Faculty of Mathematics, Informatics and Mechanics, Univeristy of Warsaw, 00-927 Warszawa, Poland.
Int J Mol Sci. 2021 Jul 29;22(15):8123. doi: 10.3390/ijms22158123.
The explosive development of next-generation sequencing-based technologies has allowed us to take an unprecedented look at many molecular signatures of the non-coding genome. In particular, the ChIP-seq (Chromatin ImmunoPrecipitation followed by sequencing) technique is now very commonly used to assess the proteins associated with different non-coding DNA regions genome-wide.

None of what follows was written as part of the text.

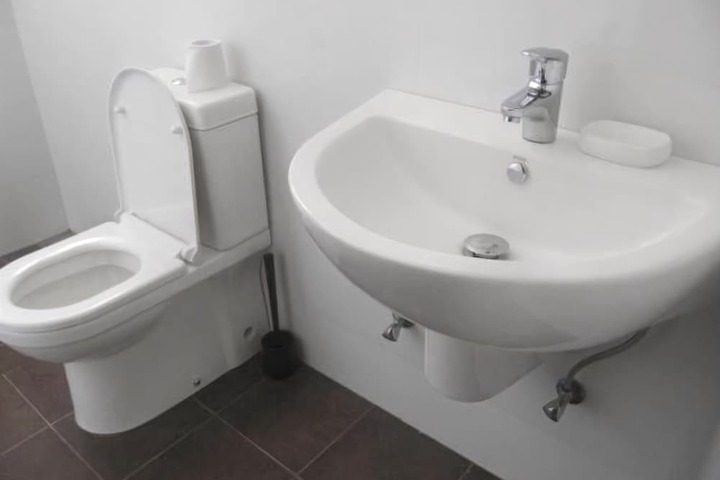 Room 8 of 12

While the analysis of such data related to transcription factor binding is relatively straightforward, many modified histone variants, such as H3K27me3, are very important for the process of gene regulation but are very difficult to interpret. We propose a novel method, called HERON (HiddEn MaRkov mOdel based peak calliNg), for genome-wide data analysis that is able to detect DNA regions enriched for a certain feature, even in difficult settings of weakly enriched long DNA domains. We demonstrate the performance of our method both on simulated and experimental data.

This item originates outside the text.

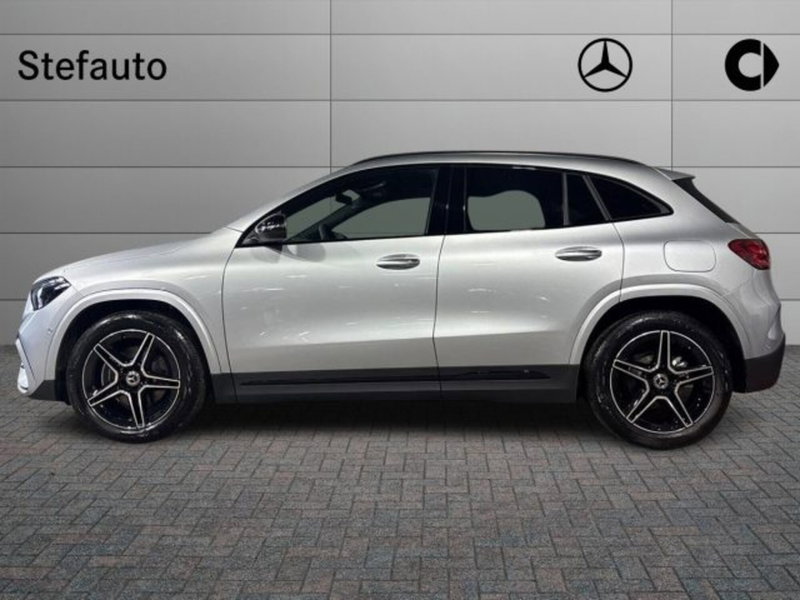 Mercedes-Benz GLA SUV nuova a Bologna (3)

基于新一代测序技术的爆炸式发展,使我们能够以前所未有的方式观察非编码基因组的许多分子特征。特别是,ChIP-seq(染色质免疫沉淀 followed by sequencing)技术现在非常常用于评估与不同非编码 DNA 区域相关的全基因组蛋白。虽然分析与转录因子结合相关的此类数据相对简单,但许多修饰组蛋白变体(如 H3K27me3)对于基因调控过程非常重要,但非常难以解释。我们提出了一种称为 HERON(基于隐马尔可夫模型的峰调用)的新方法,用于全基因组数据分析,即使在富含长 DNA 域的困难环境中,也能够检测到富含特定特征的 DNA 区域。我们在模拟和实验数据上展示了我们方法的性能。